Perguntou-lhe Marta.
-
Hotel-fazenda de novo? Que nada. Vamos para o vale do Paraíba na casa do
namorado dela. Você acha que deixo minha filha ir pra lá sozinha? E as três
irromperam numa risada uniforme e ardida, a ponto de chamar a atenção de alguns
fregueses do estabelecimento.
Os copos eram
enchidos com cerveja, regularmente. Joana amava esse happy-hour com as amigas
que sempre estavam de bem com a vida, e o bom humor que também lhe era
peculiar, reinava na mesa. As paqueras ocorriam sem preconceito, já que as três
eram descompromissadas. Suzana e Joana eram divorciadas e Marta perdera o
marido num acidente trágico, há alguns anos.
Após pagar a corrida
de taxi, já em casa, Joana sempre preparava seu jantar, conversava longamente
com a filha sobre assuntos corriqueiros. Riam juntas e celebravam o laço
espiritual que as unia desde há muitos séculos. Nesse dia particularmente, sua
filha não estava em casa, havia ido para a aula de inglês que acabava de
começar. Ao passar próximo a sua adega, que mantinha na sala de jantar,
casualmente, deu com os olhos numa garrafa de vinho chileno, onde pôde ver
escrito em letras trabalhadas e muito bem contornadas a palavra Malbec.

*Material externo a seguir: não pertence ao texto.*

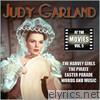 Judy Garland - Judy Garland At the Movies Volume 5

Imediatamente lembrou-se do homem com quem conversara na repartição, pela
internet, Malbec. Com certa ansiedade, foi para seu lap-top, e quando abriu,
apressadamente, seu programa de mensagens, viu uma mensagem assinada por Malbec
que dizia assim: “o vinho é o combustível que move o sangue nas veias, o sangue
é o combustível que move os sentimentos em nós. O sentimento de carinho que nutri por você
hoje, é prova que nossa conversa será eterna para mim e esse momento foi
especial para nós dois, bem sei.” Como que uma adolescente, Joana sentiu um
frêmito percorrer-lhe a face, sentiu uma faísca partir de seu peito e morrer
nos pés. Não se confessou apaixonada naquele momento, mas certamente alguma
coisa mudara dentro dela. Embora relutasse contra algo tão efêmero e sem
importância, aparentemente, seus pensamentos volteavam, mas paravam sempre
naquela mensagem doce e cheia de vida que seus olhos acabavam de ler. Isso é
loucura! Dizia ela enquanto botava a manteiga na frigideira. Esse cara pode ser
casado, não sei nada sobre ele. E colocava o contra-filé para passar. Acho que
vou responder a mensagem, decidia afinal, deitando a garrafa de vinho sobre uma
taça. Respondeu a mensagem educadamente, afetando a atração que ele lhe
despertara. Enquanto respondia a mensagem ele acessou o programa e conversaram
longamente aquela noite. Lá pelas tantas estava exausta e foi para a cama.